# Analyzing Text With NLTK

## Overview
Basic text analytics with NLTK

## Runtime
20 mins

## Step 1 : Wordcount on NLTK Corpus
Let's do some basic word counts in corpus

In [None]:
import nltk
from os.path import expanduser
nltk.data.path.append( expanduser("~") + "/data/nltk_data")
from nltk.corpus import state_union
from nltk import FreqDist

## -- state of the union
print(state_union.fileids())
print("---")

gw2006 = state_union.raw('2006-GWBush.txt')
print ("len of gw2006 : " , len(gw2006))
print ("gw2006 :\n",  gw2006[1:300])
print("---")

## TODO-2 :  get the words
gw2006_words = state_union.words('???')
## TODO-3 : print number of words and some words (Hint : gw2006_words[1:100])
print("len(gw2006_words) : ", len(???))
print ("gw2006_words : \n", ???)
print("---")

fdist = nltk.FreqDist(gw2006_words)
print ("most common words : " , fdist.most_common(50))
## What do we see?

## Step 2 : Cleaning up text
In the previous example, our top words were 'the', 'and' , 'of'.  These are called 'stop words'.  Let's clean them up.

In [None]:
import nltk
from os.path import expanduser
nltk.data.path.append( expanduser("~") + "/data/nltk_data")
from nltk.corpus import stopwords
from nltk.corpus import state_union

gw2006_words = state_union.words('2006-GWBush.txt')
gw2006_words_lower = [i.lower() for i in gw2006_words]
print("len(gw2006_words) : ", len(gw2006_words))
print("---")

stop_words_en = set(stopwords.words('english'))
print ("len(stop_words_en) : ", len(stop_words_en))
print("stop words_en : \n", sorted(stop_words_en))
print("---")

cleaned = [i for i in gw2006_words_lower if i not in stop_words_en]
## TODO : how many words in cleaned
print("len(cleaned) : ", ???)
print("---")

print("cleaned text:\n", cleaned[1:200])
print("---")

fdist = nltk.FreqDist(cleaned)
print ("most common words in cleaned :\n" , fdist.most_common(50))
print("---")

# we need to remove punctuation
stop_words_en.update(['-', '.', ',', '#', '"', "'", '?', '!', ':', ';', '(', ')', '[', ']', '{', '}']) 

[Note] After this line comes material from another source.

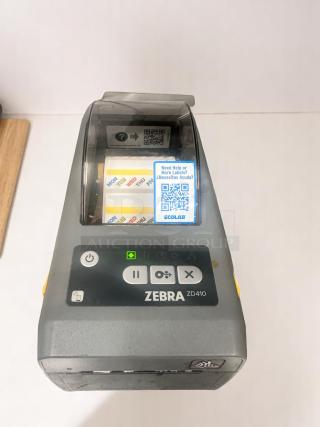 Excellent Condition Thermal Label Printer – Zebra ZD410 – 2" Direct Thermal – USB – Fully Tested & Working! – Code BPT 19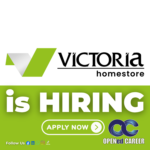 Opened career Victoria Homestore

cleaned2 = [i for i in gw2006_words_lower if i not in stop_words_en]
## TODO : how many words in cleaned
print("len(cleaned2) : ", ???)
print("---")

## TODO - calculate FreqDist for cleaned2
fdist = nltk.FreqDist(???)
print ("most common words in cleaned2 :\n" , fdist.most_common(50))
print("---")

## TODO :  further cleanup
## Inspecting the output, we see a couple of punctuations that need cleaning up
## add them to stop words list and clean up again
stop_words_en.update(['.)', '??']) 
cleaned3 = [i for i in gw2006_words_lower if i not in stop_words_en]
## TODO : len of cleaned3
print("len(cleaned3) : ", ???)
print("---")

## TODO : Commpute FreqDist for cleaned3
fdist = nltk.FreqDist(???)
print ("most common words in cleaned3 :\n" , fdist.most_common(50))
print("---")

## Step 3 : Analyze another text dataset
In the previous exercise we analyzed data bundled with NLTK.
In this section, we are going to load and analyze custom dataset

We will use [State of the union 2014 by President Obama](../data/text/sotu-2014-obama.txt)

In [None]:
import nltk
from os.path import expanduser
nltk.data.path.append( expanduser("~") + "/data/nltk_data")
from nltk.corpus import stopwords
from nltk.tokenize import word_tokenize
from nltk.tokenize import wordpunct_tokenize

f = open('../data/text/sotu-2014-obama.txt')
text = f.read()
print("len(text)", len(text))
print("text:\n", text[1:500])
print("---")

# Tokenize, split into words
words = word_tokenize(text)
words_lower = [i.lower() for i in words]
print("len(words) : ", ???)
print("words:\n", words[:50])
print ("---")
print("words_lower:\n", words_lower[:50])
print ("---")

# fdist
fdist = nltk.FreqDist(words)
print ("most common in words :\n" , fdist.most_common(50))
print ("---")


## TODO : now use the above example to eliminate stop words from text
## and run distribution

stop_words_en = set(stopwords.words('english'))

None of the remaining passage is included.